Exercise
What you return should match the data below exactly, with no pictures in it.

Items from a dataset
● ● ●
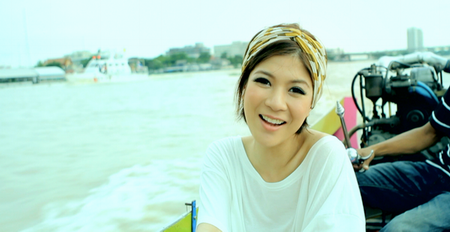 จิดา MV เพลง แกล้งป่วย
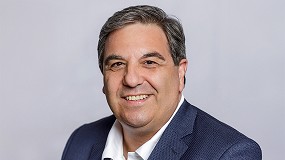 Foto de Entrevista a Alberto Alonso, Solutions Engineer Southern Europe en Axis Communications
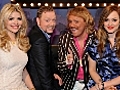 Celebrity Juice - Thu 19 May 2011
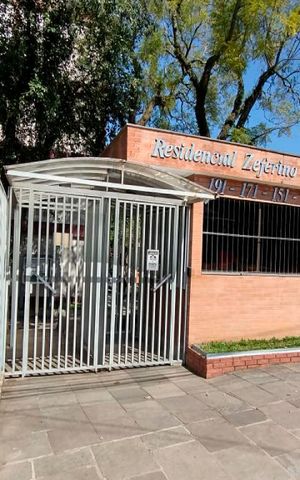 Apartamento para alugar com 70m², 2 quartos e 1 vagaFachada do Condomínio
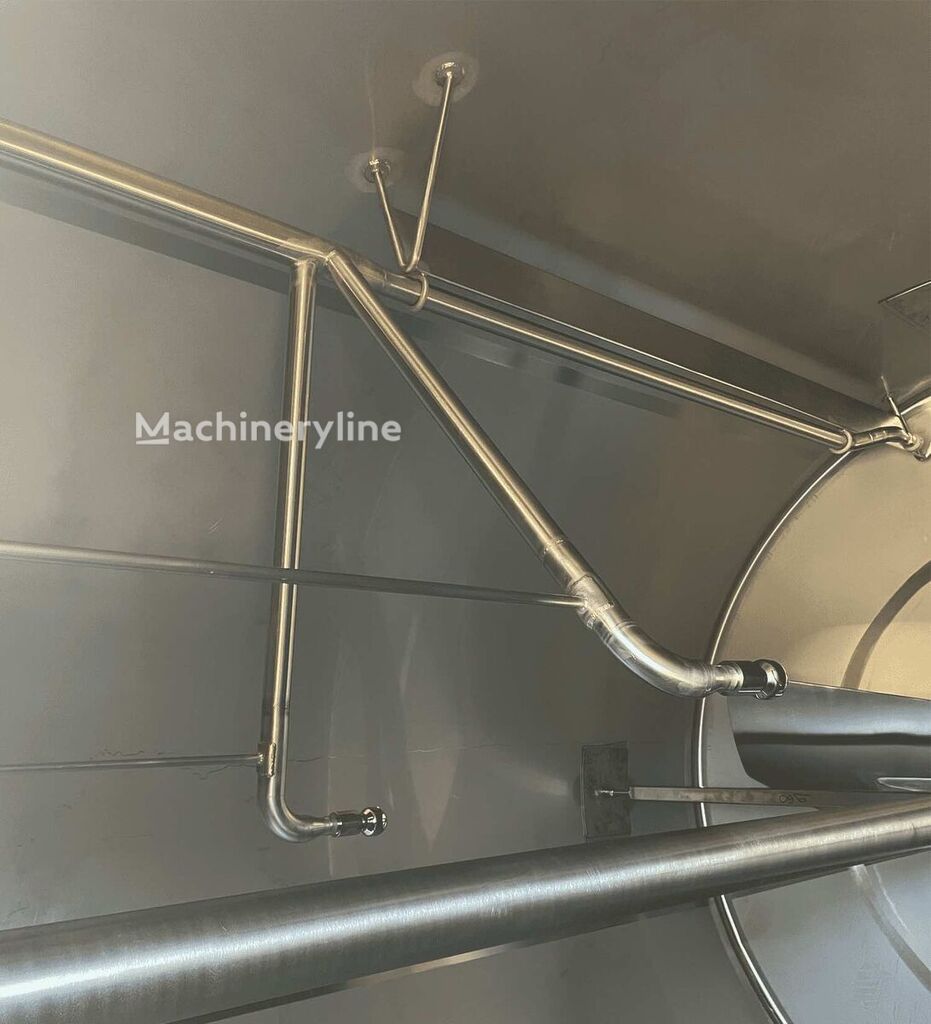 Goavec SA Mixer Blender for sale — view 3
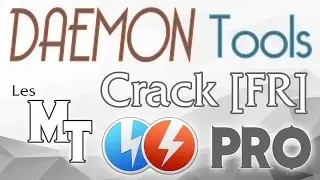 Deamon tools pro'yu sınırsız yapma(Sesli anlatım)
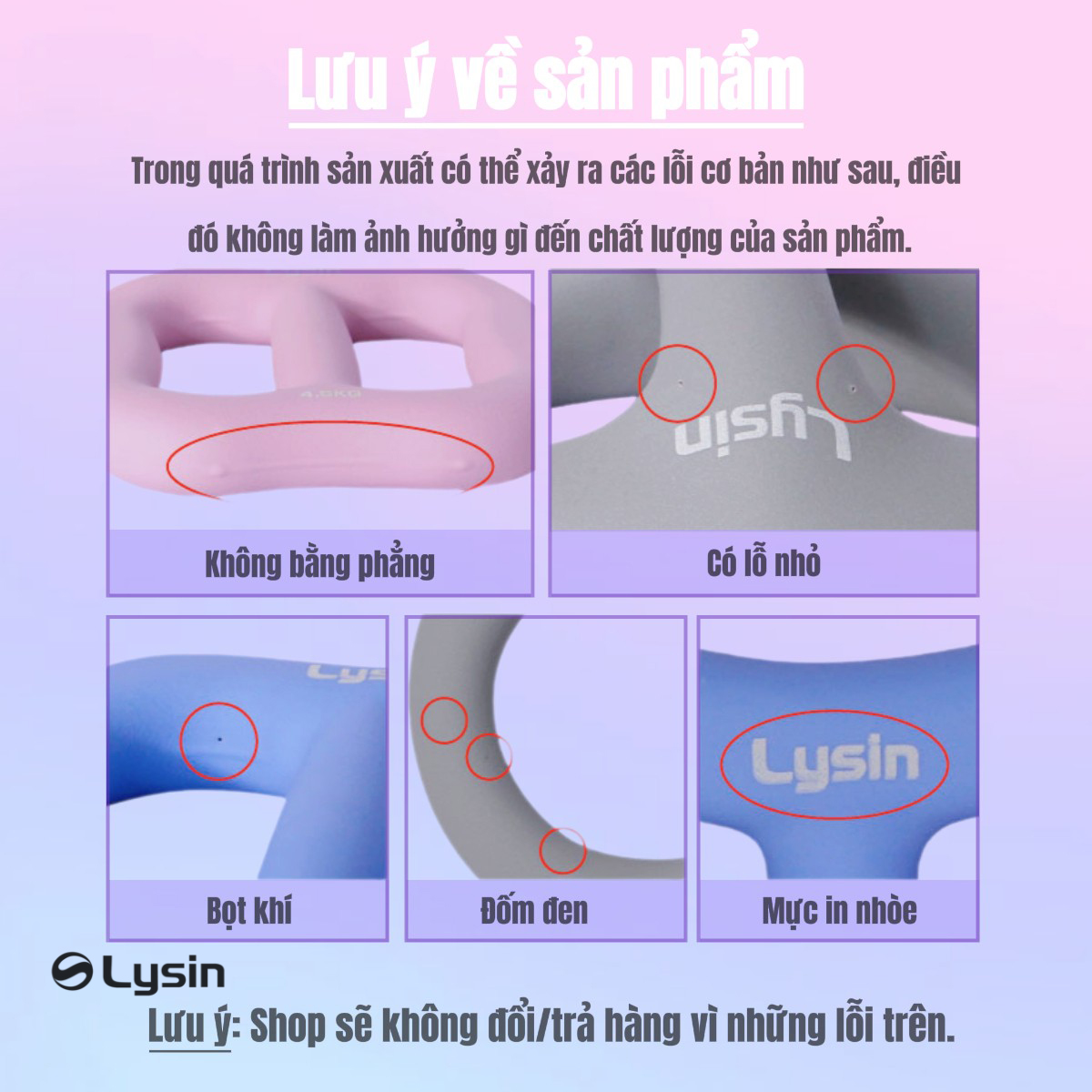 Lysin bộ 02 quả tạ nữ, tạ ấm, tạ bình vôi khối lượng 1.25kg 2.5kg 4.5kg bắng sắt bọc cao su nhám chống trượt thiết kế hình tròn có tay cầm giữa gọn nhẹ,kiểu dáng độc đáo, rèn luyện sức khỏe, tập luyện dáng và tạ tay.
● ● ●
Expected answer
 จิดา MV เพลง แกล้งป่วย
 Foto de Entrevista a Alberto Alonso, Solutions Engineer Southern Europe en Axis Communications
 Celebrity Juice - Thu 19 May 2011
 Apartamento para alugar com 70m², 2 quartos e 1 vagaFachada do Condomínio
 Goavec SA Mixer Blender for sale — view 3
 Deamon tools pro'yu sınırsız yapma(Sesli anlatım)
 Lysin bộ 02 quả tạ nữ, tạ ấm, tạ bình vôi khối lượng 1.25kg 2.5kg 4.5kg bắng sắt bọc cao su nhám chống trượt thiết kế hình tròn có tay cầm giữa gọn nhẹ,kiểu dáng độc đáo, rèn luyện sức khỏe, tập luyện dáng và tạ tay.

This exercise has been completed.